--- START ---

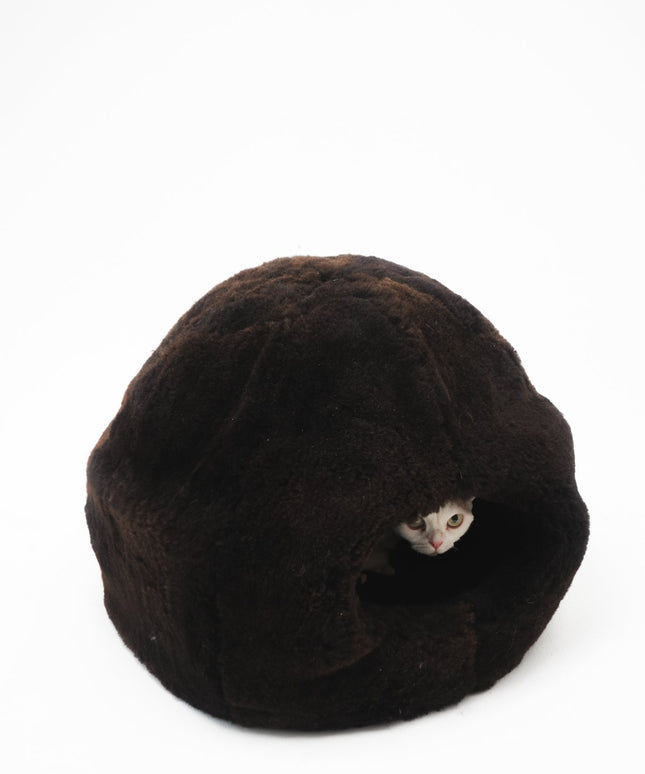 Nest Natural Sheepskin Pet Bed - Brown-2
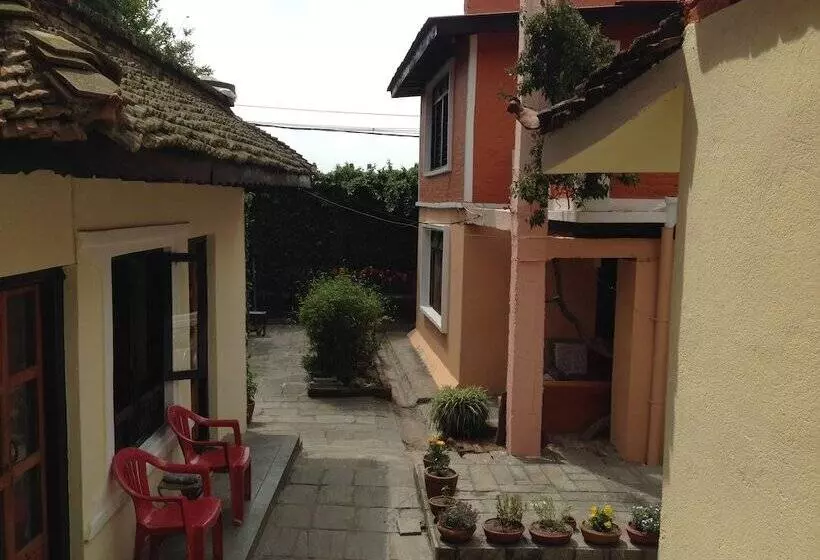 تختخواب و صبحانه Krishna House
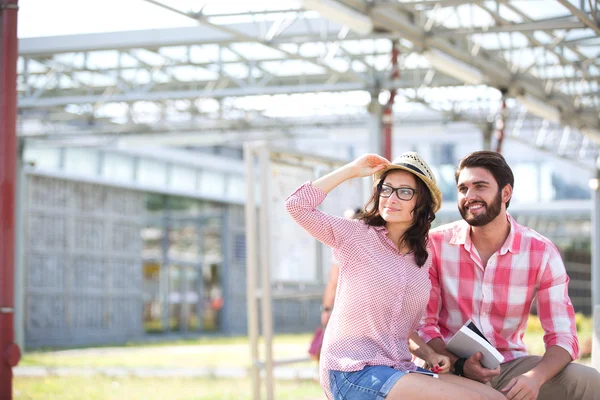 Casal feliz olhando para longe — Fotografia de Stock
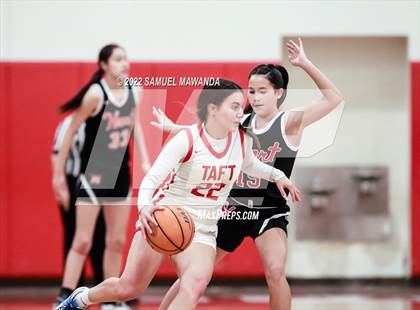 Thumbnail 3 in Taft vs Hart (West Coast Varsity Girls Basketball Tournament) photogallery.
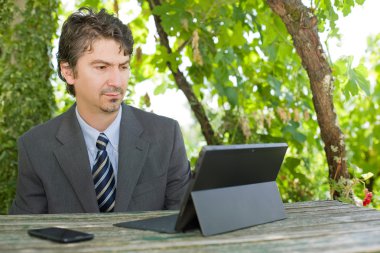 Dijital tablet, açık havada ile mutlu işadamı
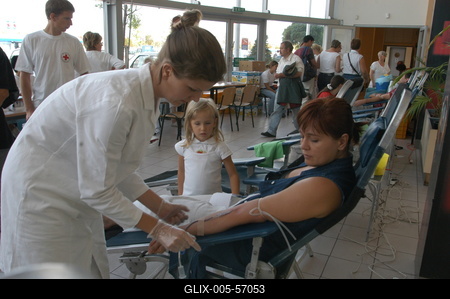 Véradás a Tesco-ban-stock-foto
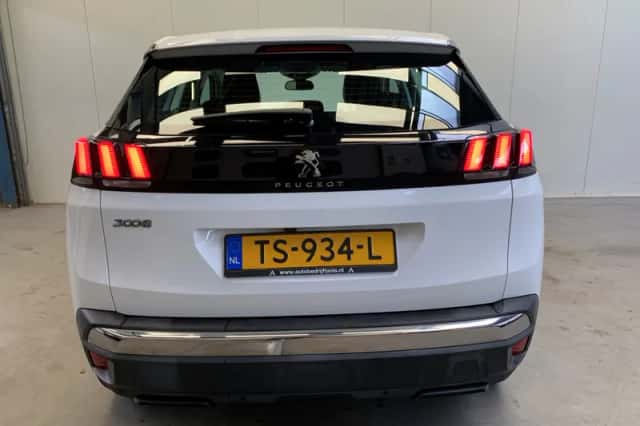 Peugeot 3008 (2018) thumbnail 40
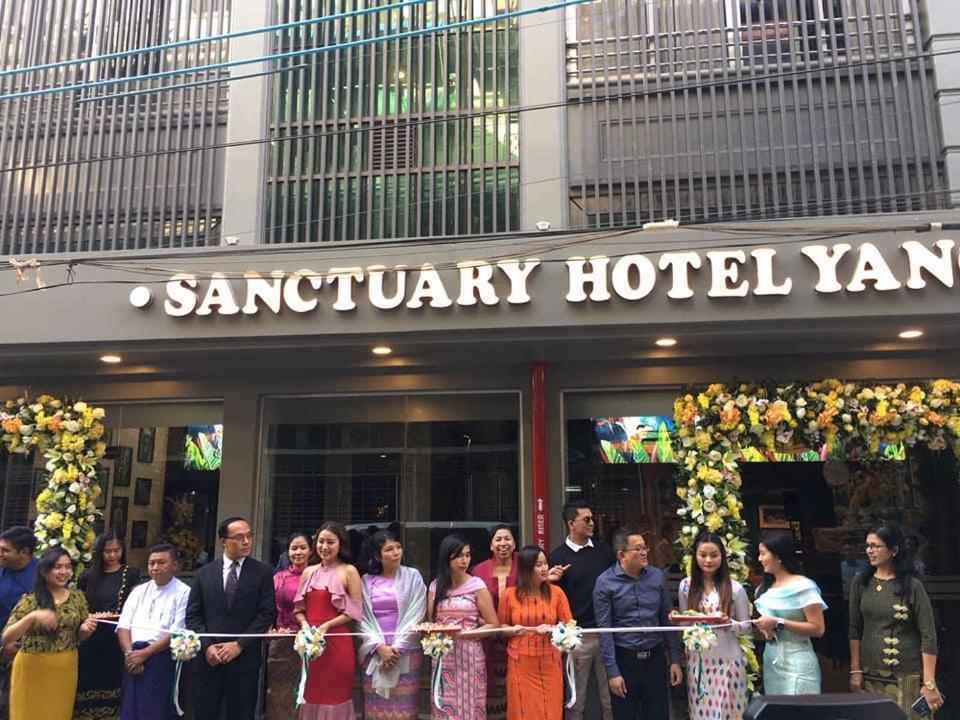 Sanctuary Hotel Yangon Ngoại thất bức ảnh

--- END ---

▸ **EXERCISE REQUIREMENTS**
Could you give all the records again, exactly, minus the pictures?

▸ **RESPONSE**
 Nest Natural Sheepskin Pet Bed - Brown-2
 تختخواب و صبحانه Krishna House
 Casal feliz olhando para longe — Fotografia de Stock
 Thumbnail 3 in Taft vs Hart (West Coast Varsity Girls Basketball Tournament) photogallery.
 Dijital tablet, açık havada ile mutlu işadamı
 Véradás a Tesco-ban-stock-foto
 Peugeot 3008 (2018) thumbnail 40
 Sanctuary Hotel Yangon Ngoại thất bức ảnh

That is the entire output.